Sisis Gesetz gegen den Terrorismus
Solange es kein Parlament gibt, wirkt Präsident Sisi als der einzige Gesetzgeber. Manche Ägypter glauben, die Wahlgesetze und das Gesetz über Wahlkreise seien absichtlich so verfasst worden, dass sie Anfechtungen offen standen, weil dies dem Machthaber die Möglichkeit gäbe, seine Periode unkontrollierter Souveränität nach seinem Belieben auszudehnen.
Ob dies nun so ist oder nicht: Fest steht, dass Sisi soeben ein neues Sicherheitsgesetz erlassen hat, das den Sicherheitsorganen des Staates weite Kompetenzen verschafft. Dies geschieht, indem der Begriff "Terrorismus" sehr weit gefasst wird.
Nach den neuen Bestimmungen, die Sisi am 25. Februar unterzeichnete, kann als terroristisch gelten:
"Jede Organisation, Vereinigung, Gruppe oder Gang, die versucht, darauf abzielt auf oder dazu aufruft,
- die öffentlichen Ordnung zu destabilisieren,
- die Ruhe oder Sicherheit der Gesellschaft gefährdet,
- die die Individuen verletzt oder sie terrorisiert oder ihr Leben, ihre Freiheitsrechte oder ihre Sicherheit in Gefahr bringt."
Als Terrorist kann auch gelten:
- „Jedermann, der versucht die soziale Einheit zu gefährden,
- der versucht, die Umwelt zu gefährden,
- der sich Naturvorkommen oder Geldern bemächtigt,
- der die Kommunikation beeinflusst,
- der Gebäude in öffentlichem oder privaten Besitz besetzt,
- der die Arbeit der Regierung oder der Justiz behindert."
"All diese Gruppen müssen aufgelöst werden.
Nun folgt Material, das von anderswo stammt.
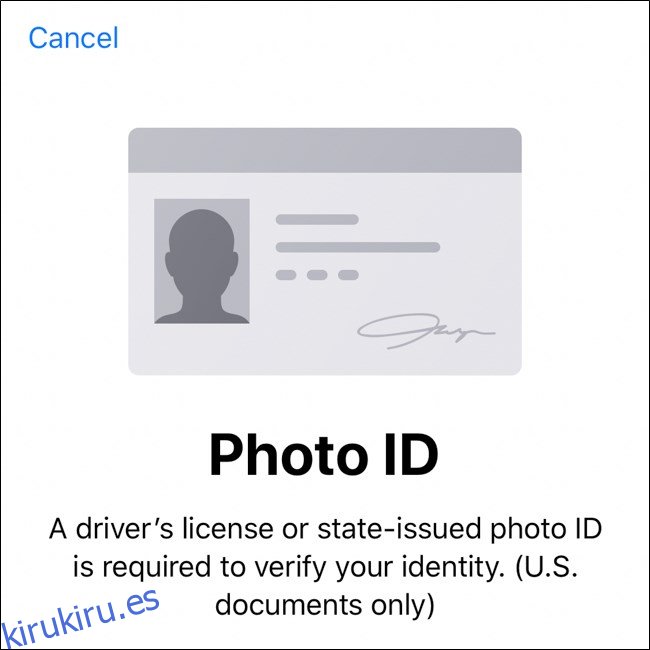 Cartera de iPhone Escanear el anverso y el reverso de la identificación con foto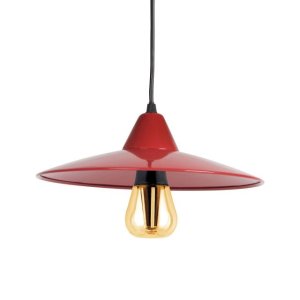 Lampa wisząca metalowa 1x JOVIT czerwona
Ihr Besitz und der ihrer Gesinnungsgenossen oder Sponsoren wird eingefroren."
Kriminalisierte Opposition
Die noch überlebenden Menschenrechtsorganisationen verfehlten nicht anzumerken, dass solch weit gefasste Umschreibungen dazu dienen können - und wahrscheinlich dazu dienen werden -, so gut wie alle Aktivitäten und Äusserungen, die sich gegen die Regierung richten, zu kriminalisieren. Schwere Strafen für den Sachverhalt "Terrorismus" sind seit geraumer Zeit im ägyptischen Strafgesetz vorgesehen. Sie gehen von fünf Jahren Gefängnis bis zu lebenslänglich und - wenn Gewalttaten vorliegen - auch zur Todesstrafe.
Das neue Terrorismus-Gesetz wird es ermöglichen, die vorgesehenen Strafen auf alle anzuwenden, die in Opposition gegen den Staat auftreten.